No pensamento filosófico de Ratzinger, o questionamento sobre na nossa cultura e o que ainda restaria, o diagnóstico sobre a desagregação total da nossa civilização são de uma exatidão definitiva. 

Por João Maurício Brás

Não é necessário sermos crentes, nem tão pouco católicos para admitir que Ratzinger é um dos últimos e mais importantes filósofos (e pensadores) das últimas décadas. O seu texto A Europa. Os seus fundamentos Hoje e Amanhã, por exemplo, devia ser de leitura obrigatória. 

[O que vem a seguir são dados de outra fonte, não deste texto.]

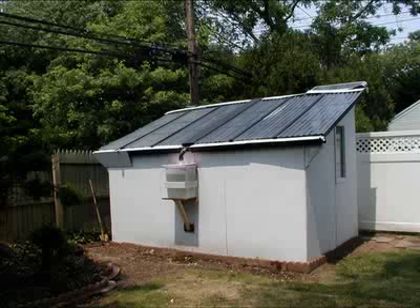Let's take a close look at a simple experiment done with this MTD shed and a 10-gallon tank of water.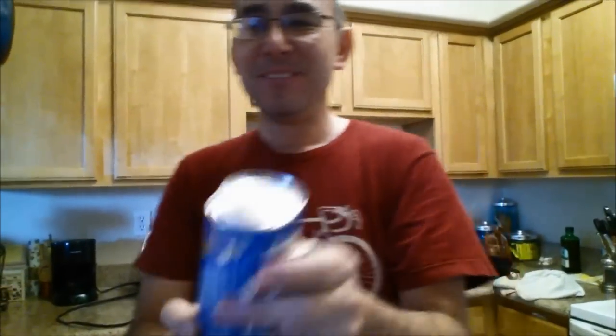I totally messed up unwrapping this. This is going to explode in your face. Come here, come closer.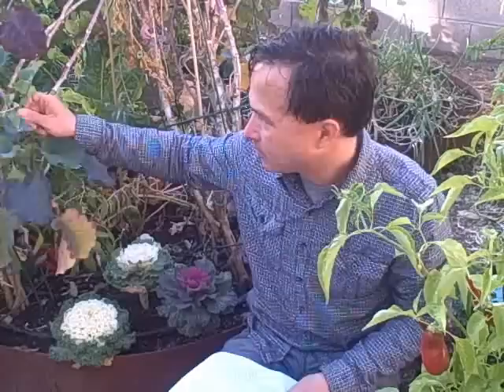Rather than eating the pepper leaves, I'm going to try some of these purple tree collards. In the winter time they're especially sweet. Mmm — that tastes really good. I hope that answers the question.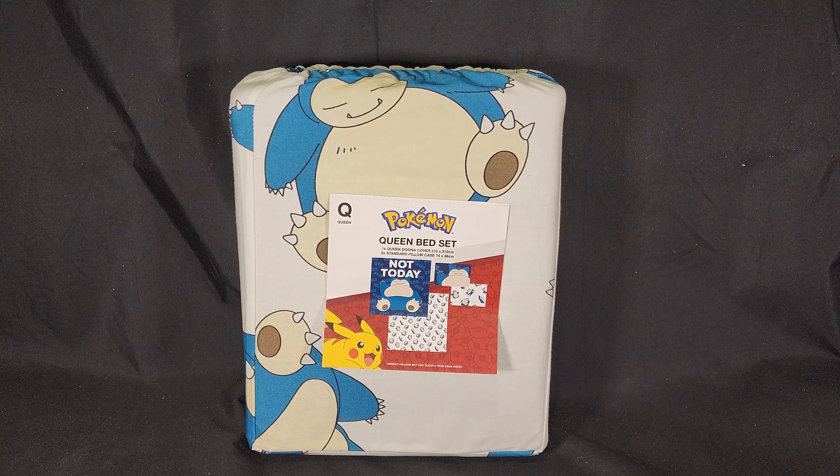Hello and welcome! In this video, I'll be unboxing the Pokémon Queen Bed Set from EB Games Australia.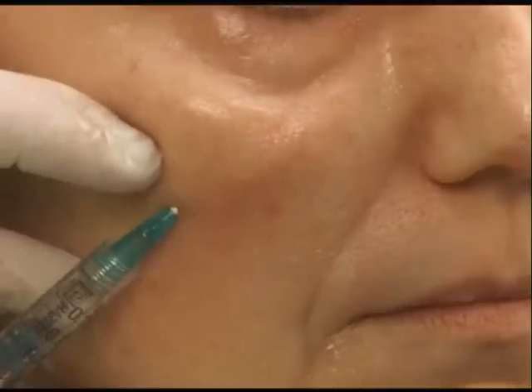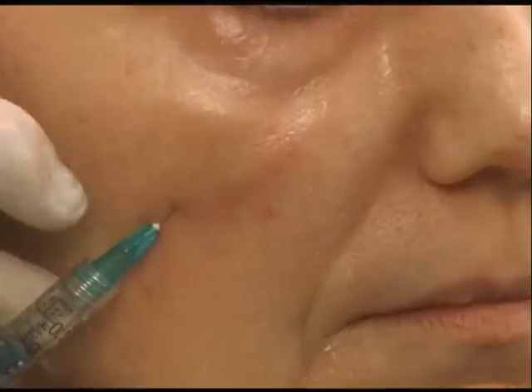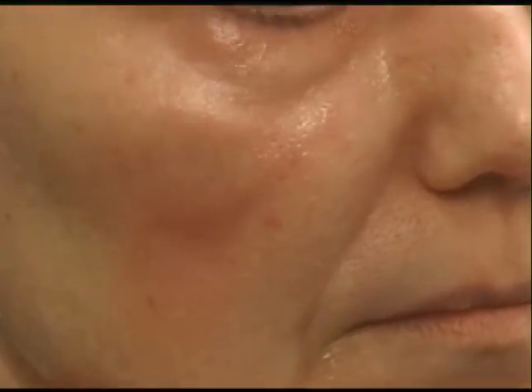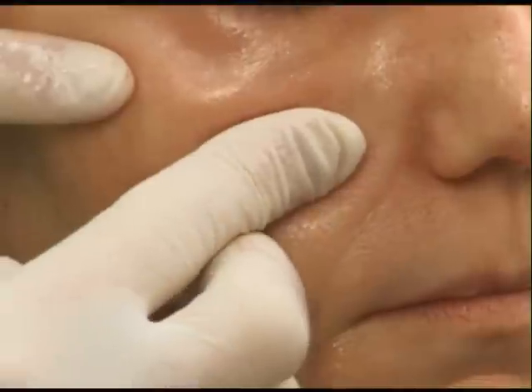Sometimes if you're too close in the dermis, too close to the surface, it almost makes the area you just injected look flat. And we're going to just mold it a little bit.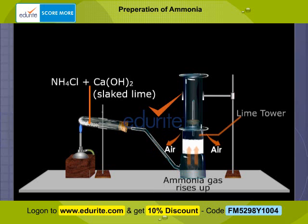The gas is passed through the lime tower where the moisture is removed. Drying is necessary because water vapour is one of the products formed. Ammonia gas, being highly soluble in water, has to be dried quickly to prevent it from dissolving.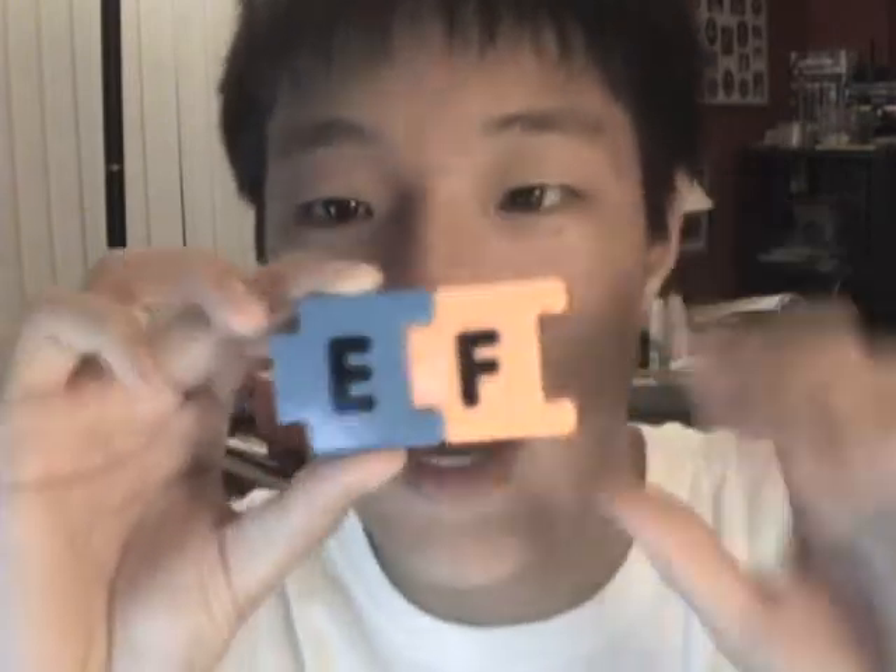And then the next letter is F. It's just like E — F. You get F, just like a fish.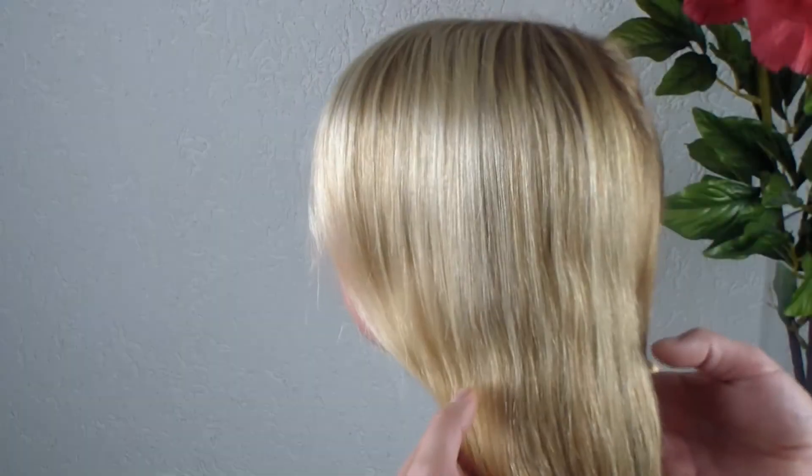Hello, my name is Tessa and her name is Rebecca and we're from Dutch Braids. Today we're going to do a tutorial on the looney braid.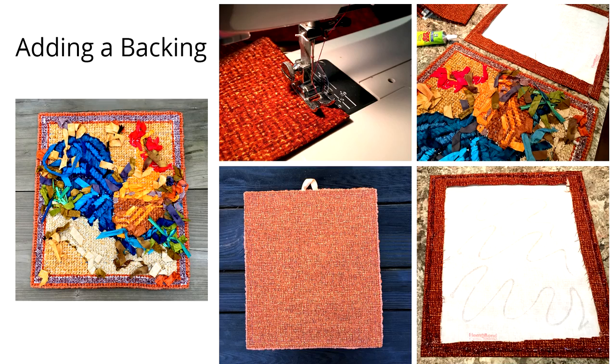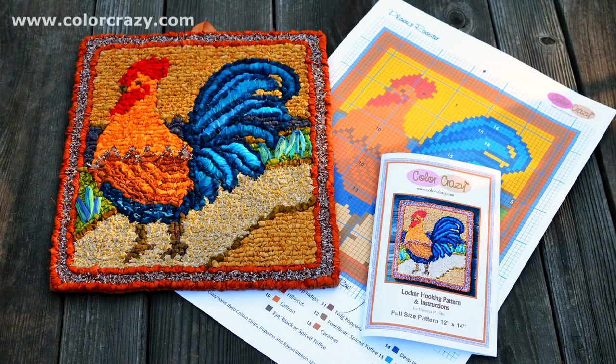I hope you enjoy your phoenix rooster! If you'd like to locker hook the phoenix rooster, you can download a free pattern or purchase a full-size color pattern as shown here. You can also purchase a kit with all of the materials required. Visit colorcrazy.com and while you're there, make sure you check out all the other free patterns available for download.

São os valores que fundam a cultura humana e constituem a pessoa. As tecnicidades incompreensíveis que não para os seus utilizadores, os ativismos, a ligeireza jornalística e o que ainda chamamos pensamento, são irrelevantes em comparação com o trabalho deste homem. Acrescentaria um outro nome junto com o de Ratzinger, que é o de Michel Houellebecq. O escritor francês ainda recentemente escrevia: «Uma civilização que aceita a eutanásia não merece qualquer respeito».

Não confundamos moralismos com regulação moral e com valores éticos. Estes podem ser ficções, mas foram eles que escoraram e deram um chão às sociedades Ocidentais, e que estão na base do que melhor fizemos e pensamos. Hoje apenas temos a tecnicidade do direito e um vazio axiológico típico das sociedades mercado, onde tudo tem preço e nada tem valor.

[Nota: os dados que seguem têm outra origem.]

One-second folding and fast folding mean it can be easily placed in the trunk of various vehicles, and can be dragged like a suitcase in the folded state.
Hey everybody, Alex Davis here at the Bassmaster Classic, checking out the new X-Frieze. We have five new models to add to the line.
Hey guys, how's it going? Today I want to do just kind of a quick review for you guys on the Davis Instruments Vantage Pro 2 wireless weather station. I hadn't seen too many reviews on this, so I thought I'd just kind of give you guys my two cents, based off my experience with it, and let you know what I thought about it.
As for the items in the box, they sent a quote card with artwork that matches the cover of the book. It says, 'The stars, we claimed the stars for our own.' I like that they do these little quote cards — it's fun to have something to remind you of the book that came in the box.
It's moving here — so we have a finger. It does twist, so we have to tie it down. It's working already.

No pensamento filosófico de Ratzinger, o questionamento sobre na nossa cultura e o que ainda restaria, o diagnóstico sobre a desagregação total da nossa civilização são de uma exatidão definitiva. Já não nos interessa, porque já nem conseguimos pensar para além da reatividade larvar típica da híper excitação das redes sociais e da compulsão da vida como uma sucessão de saldos e novos produtos.

Os seus alertas sobre o ódio que Ocidente sente em relação a si mesmo, que só se pode considerar como algo patológico e a nossa ideologia terminal são uma última oportunidade para quem ainda consegue pensar. Veja-se a mediocridade dos nossos modelos de vida ideais, dos nossos sonhos e dos nossos heróis. 

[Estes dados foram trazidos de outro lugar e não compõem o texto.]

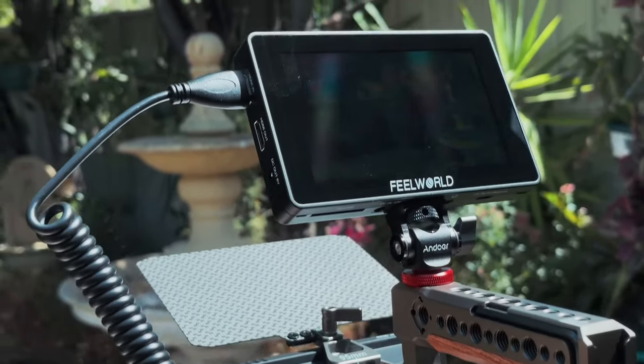A small HD or Field World 7-inch field monitor can run you about 200 US dollars at the least, which for small-time creators or beginning filmmakers may still be quite an investment.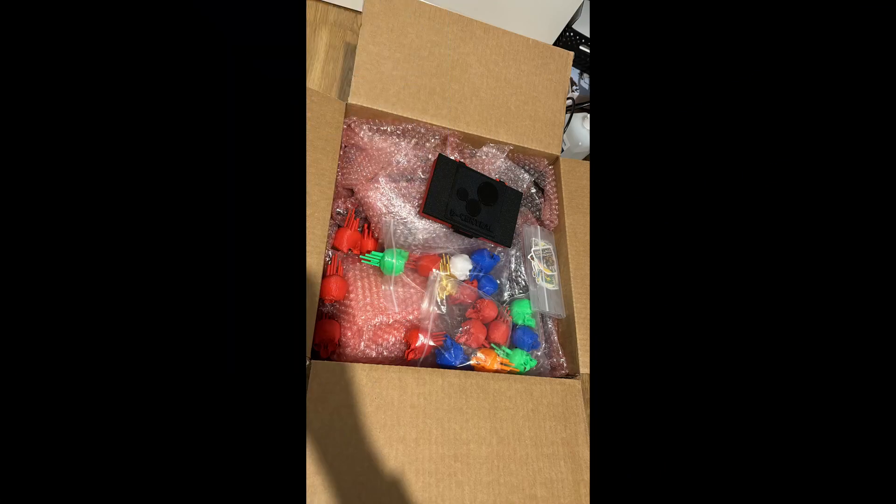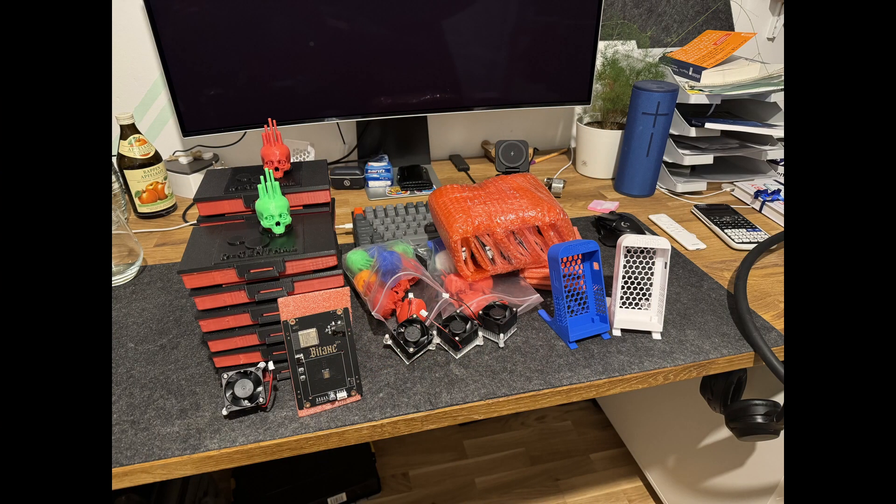Everything started with a package that I received from Decentral, and I'm so glad that they are actually providing those kits to me. This is not for the profit — this is for the plebs, this is for the people that are actually interested in learning new things, that are actually interested in doing something for it, doing their own kind of proof of work. That's what this is about.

A crise que Ratzinger deteta no ‘sistema circulatório’ da nossa cultura, conduz-nos ao que caracteriza como de vários ‘transplantes’, substituições e encenações do que é essencial, degradações compensatórias que mais não fazem que liquidar a nossa identidade, que radica principalmente nas nossas forças éticas e espirituais e que se expressam na cultura e na sociedade. 

Estes tempos parecem os do fim do império Romano, que já só vivia daqueles que o estavam a dissolver, porque essa civilização, como a nossa, já estava despossuída da sua energia vital.

A existência de valores intrínsecos foi rasurada, os valores está doravante agregados ao circunstancialismo de uma visão, onde tudo é ou deixa de ser moral de acordo com essas circunstâncias. 

O colapso de uma cultura nunca é principalmente económico, político ou social, mas de uma ordem mais profunda. O ódio do Ocidente a si próprio, o esquecimento das suas principais conquistas, é o elemento fundamental do nosso tempo. 
É moda considerar tudo como fobia e patologia, mas este ódio ao que somos é dos traços mais doentios de uma cultura, de uma pessoa e sociedade. 

A invasão da Ucrânia pode ser uma oportunidade para recuperar valores fundamentais na Europa e no Ocidente, transformados que estamos num supermercado, e reavivar a base ética anti-relativista e anti-niilista que estrutura a democracia e a liberdade genuínas. Os ucranianos estão a dar-nos uma lição sobre o essencial, a saber, o que não tem valor porque vale mais que tudo. O enraizamento e dádiva são as bases imutáveis do melhor da humanidade do humano.